Problem requirements: Please keep the images out and set down the data exactly as given.

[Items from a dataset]
-- Opening Marker --

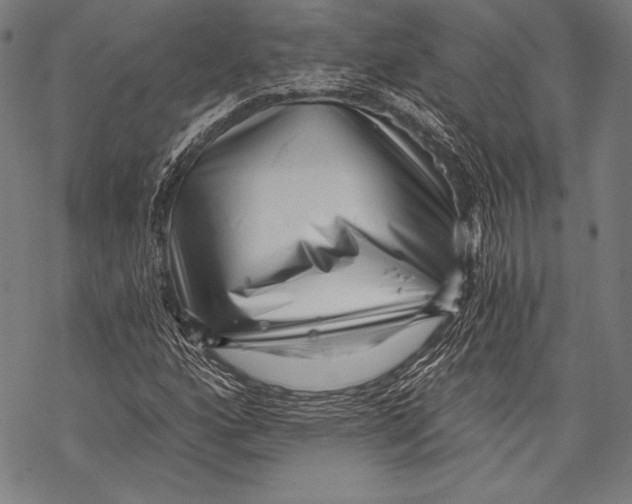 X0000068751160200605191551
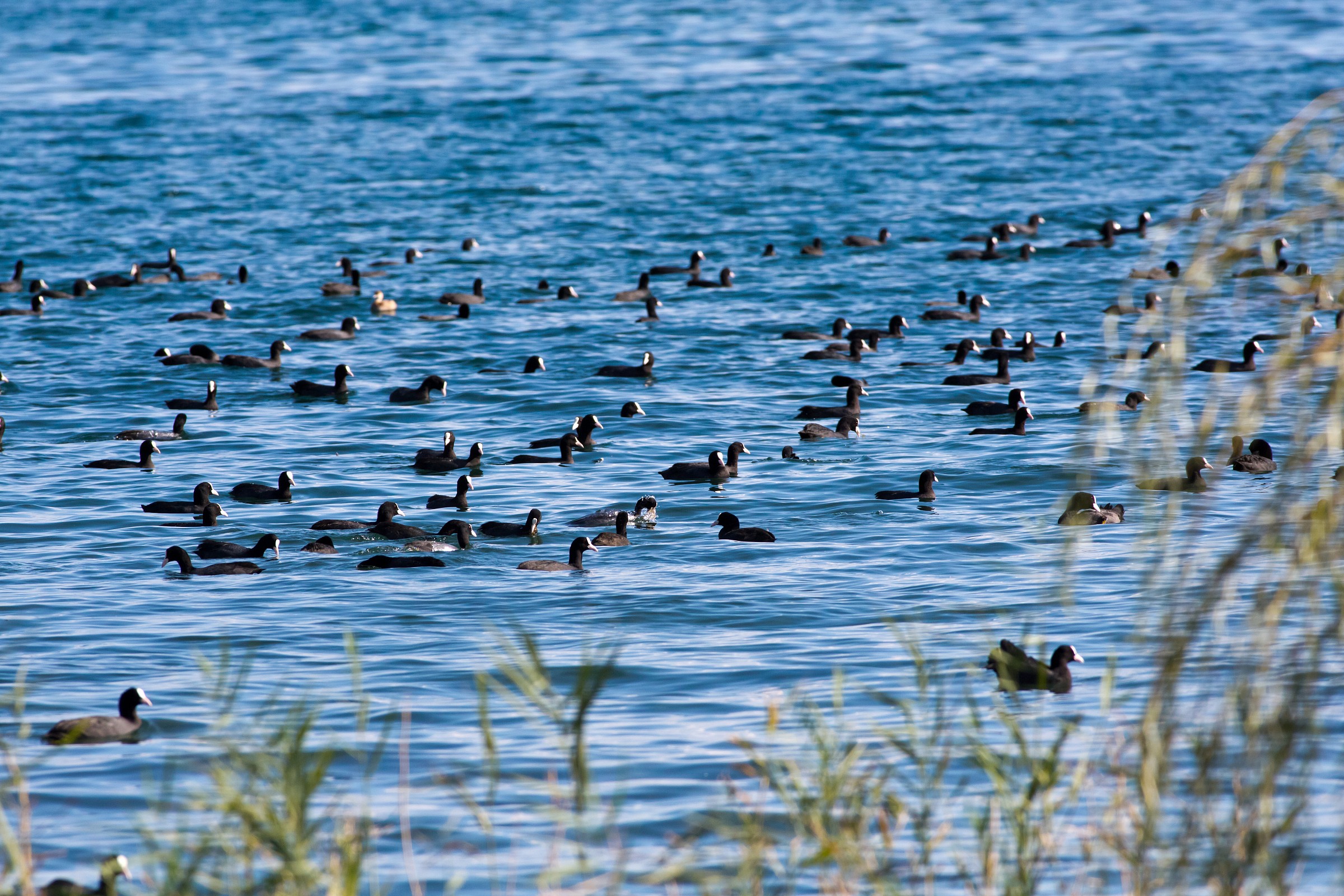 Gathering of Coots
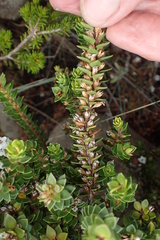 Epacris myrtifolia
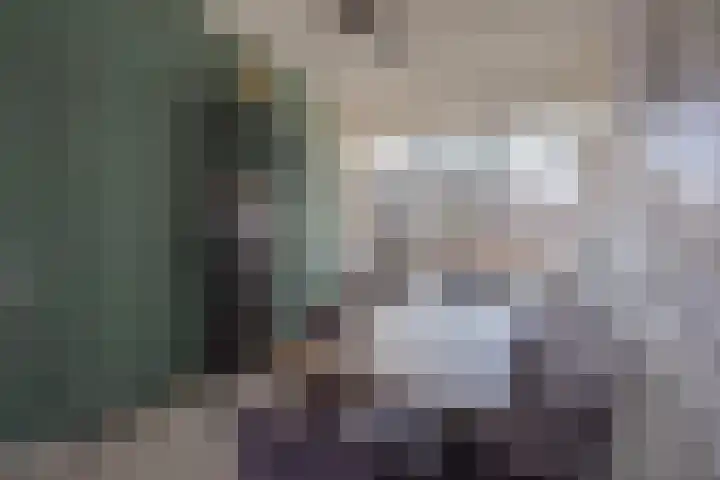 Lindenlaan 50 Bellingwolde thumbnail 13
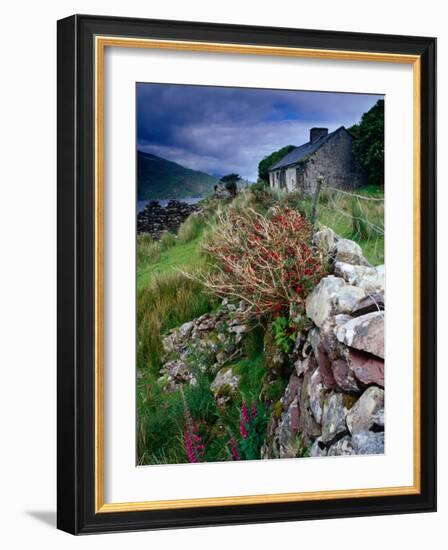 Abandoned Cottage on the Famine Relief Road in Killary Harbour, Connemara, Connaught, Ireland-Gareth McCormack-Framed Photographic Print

-- Closing Marker --

Task solution:
 X0000068751160200605191551
 Gathering of Coots
 Epacris myrtifolia
 Lindenlaan 50 Bellingwolde thumbnail 13
 Abandoned Cottage on the Famine Relief Road in Killary Harbour, Connemara, Connaught, Ireland-Gareth McCormack-Framed Photographic Print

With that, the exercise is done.